Thursday, May 21, 2009

Do Not Feed The Animals
Most bear humans encounters occur because humans are careless about food.

No national numbers of conflicts were presented at the Nevada workshop, but participants said the number is growing. They said more regulations requiring bear-proof trash containers and improved public education of people living in bear-prone areas is needed to avoid potentially deadly encounters.

In the East, more than 70% of jurisdictions are reporting an increase in black bear populations, said Hank Hristienko, a big-game biologist for the Canadian province of Manitoba. And from Florida to New Hampshire and into Canada, there are increasing problems, he said.

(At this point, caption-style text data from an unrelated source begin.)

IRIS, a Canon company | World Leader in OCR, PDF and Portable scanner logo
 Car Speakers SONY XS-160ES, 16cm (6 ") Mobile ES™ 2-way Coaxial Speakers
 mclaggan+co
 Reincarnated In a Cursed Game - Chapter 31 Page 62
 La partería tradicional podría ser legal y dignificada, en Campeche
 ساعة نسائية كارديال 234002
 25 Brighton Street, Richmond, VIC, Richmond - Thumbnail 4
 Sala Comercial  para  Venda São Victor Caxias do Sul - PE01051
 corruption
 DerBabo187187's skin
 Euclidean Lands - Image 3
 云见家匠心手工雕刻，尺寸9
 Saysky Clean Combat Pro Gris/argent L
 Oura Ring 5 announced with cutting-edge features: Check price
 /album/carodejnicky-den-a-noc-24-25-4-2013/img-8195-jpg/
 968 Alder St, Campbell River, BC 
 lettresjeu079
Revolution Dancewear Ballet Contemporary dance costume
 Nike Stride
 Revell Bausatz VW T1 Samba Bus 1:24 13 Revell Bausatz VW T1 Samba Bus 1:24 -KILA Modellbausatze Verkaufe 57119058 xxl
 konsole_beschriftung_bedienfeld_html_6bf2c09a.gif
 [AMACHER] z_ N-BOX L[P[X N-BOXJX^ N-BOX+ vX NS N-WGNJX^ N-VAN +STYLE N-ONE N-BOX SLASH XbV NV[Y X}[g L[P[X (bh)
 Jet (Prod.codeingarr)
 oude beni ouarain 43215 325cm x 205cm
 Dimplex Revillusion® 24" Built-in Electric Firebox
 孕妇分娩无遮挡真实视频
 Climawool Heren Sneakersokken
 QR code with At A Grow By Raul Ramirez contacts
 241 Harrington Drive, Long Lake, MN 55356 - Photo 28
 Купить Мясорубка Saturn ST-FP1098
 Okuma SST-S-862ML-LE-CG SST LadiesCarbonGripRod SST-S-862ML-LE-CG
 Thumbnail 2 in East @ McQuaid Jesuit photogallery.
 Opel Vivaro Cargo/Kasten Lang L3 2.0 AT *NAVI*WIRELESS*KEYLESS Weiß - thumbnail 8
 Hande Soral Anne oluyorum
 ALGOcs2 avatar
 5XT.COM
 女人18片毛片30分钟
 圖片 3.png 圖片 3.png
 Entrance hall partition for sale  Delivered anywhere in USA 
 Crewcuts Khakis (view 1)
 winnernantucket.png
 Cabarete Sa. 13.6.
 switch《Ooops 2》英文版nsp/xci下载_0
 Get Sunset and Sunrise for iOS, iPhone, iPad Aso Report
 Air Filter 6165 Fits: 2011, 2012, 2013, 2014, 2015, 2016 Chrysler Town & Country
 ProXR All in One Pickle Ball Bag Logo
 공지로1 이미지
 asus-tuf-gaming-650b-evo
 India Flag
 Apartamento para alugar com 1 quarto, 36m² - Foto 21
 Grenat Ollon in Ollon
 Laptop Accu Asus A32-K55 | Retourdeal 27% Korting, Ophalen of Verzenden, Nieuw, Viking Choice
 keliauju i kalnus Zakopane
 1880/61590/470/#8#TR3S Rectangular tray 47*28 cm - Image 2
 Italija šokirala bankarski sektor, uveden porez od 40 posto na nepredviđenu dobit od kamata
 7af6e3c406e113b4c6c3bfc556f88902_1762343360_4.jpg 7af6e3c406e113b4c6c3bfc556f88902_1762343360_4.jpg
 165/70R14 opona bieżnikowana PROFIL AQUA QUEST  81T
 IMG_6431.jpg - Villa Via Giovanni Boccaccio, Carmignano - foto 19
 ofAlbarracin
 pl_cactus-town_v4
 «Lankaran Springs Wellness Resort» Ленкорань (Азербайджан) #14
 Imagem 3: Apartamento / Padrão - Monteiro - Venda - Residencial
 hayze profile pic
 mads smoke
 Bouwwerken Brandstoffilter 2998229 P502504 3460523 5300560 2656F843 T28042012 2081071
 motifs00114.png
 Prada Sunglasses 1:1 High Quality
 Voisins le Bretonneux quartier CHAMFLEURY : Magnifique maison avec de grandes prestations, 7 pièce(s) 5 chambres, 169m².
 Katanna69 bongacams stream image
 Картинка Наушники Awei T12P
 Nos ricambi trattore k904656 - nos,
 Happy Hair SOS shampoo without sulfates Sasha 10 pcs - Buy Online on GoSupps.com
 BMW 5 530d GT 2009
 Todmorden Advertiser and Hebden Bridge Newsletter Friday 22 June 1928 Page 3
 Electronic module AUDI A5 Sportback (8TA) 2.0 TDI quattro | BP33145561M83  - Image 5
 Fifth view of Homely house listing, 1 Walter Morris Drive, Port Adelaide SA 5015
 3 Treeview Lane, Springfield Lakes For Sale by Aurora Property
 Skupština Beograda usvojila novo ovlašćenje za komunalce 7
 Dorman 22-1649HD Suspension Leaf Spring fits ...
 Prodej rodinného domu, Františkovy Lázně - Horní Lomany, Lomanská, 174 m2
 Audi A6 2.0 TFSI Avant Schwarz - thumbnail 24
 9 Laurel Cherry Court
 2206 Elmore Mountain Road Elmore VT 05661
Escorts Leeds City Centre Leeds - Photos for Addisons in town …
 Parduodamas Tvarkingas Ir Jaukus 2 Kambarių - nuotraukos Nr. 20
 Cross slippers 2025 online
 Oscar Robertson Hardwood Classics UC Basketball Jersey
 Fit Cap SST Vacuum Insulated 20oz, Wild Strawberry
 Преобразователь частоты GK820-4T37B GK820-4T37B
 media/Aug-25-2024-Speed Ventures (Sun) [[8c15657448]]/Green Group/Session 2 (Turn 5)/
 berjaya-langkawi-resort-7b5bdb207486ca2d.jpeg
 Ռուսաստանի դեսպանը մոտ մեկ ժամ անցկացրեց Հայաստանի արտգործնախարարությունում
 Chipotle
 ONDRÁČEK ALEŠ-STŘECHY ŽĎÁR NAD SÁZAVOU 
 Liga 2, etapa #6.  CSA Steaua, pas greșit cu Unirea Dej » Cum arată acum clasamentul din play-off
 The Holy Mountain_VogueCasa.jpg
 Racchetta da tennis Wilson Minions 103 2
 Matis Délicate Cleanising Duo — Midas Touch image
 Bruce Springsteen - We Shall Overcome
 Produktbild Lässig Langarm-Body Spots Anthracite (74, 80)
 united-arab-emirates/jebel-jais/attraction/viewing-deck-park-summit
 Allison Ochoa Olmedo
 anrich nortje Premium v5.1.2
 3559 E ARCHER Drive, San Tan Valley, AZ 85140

"On almost 80% of the eastern part of the continent, you have an increasing trend of human-bear conflicts," he said.[...]

Bottom line: "People need to lock up their trash," said Carl Lackey, a Nevada Department of Wildlife biologist. "People really don't take notice until a bear is knocking on their front door."

Bears do not always knock on your door. When I lives in Truckee, CA, I had a bear come through the screen door. No knocking just ripping and tearing. Not really much of an impediment to a full grown bear. Let me tell you, a bear looks a whole lot bigger when your cooking breakfast in your boxers and it is less than five feet from you.

And then there is this idiot, feeding bears in the Alaskan wilderness.

ANCHORAGE, Alaska — After 20 years of enticing bears into a remote compound tucked away in a little visited corner of Alaska’s Yentna River valley, retired Anchorage school teacher Charlie Vandergaw said last fall he was ready to end his bear-taming shenanigans.

Filmmaker Richard Terry, the man to whom Vandergaw made the statement, didn’t know whether to believe it or not.

Now skeptical state officials have taken action to make sure it happens. They have charged the 70-year-old Vandergaw with 20 counts of illegally feeding game. Two friends accused of assisting him were also charged.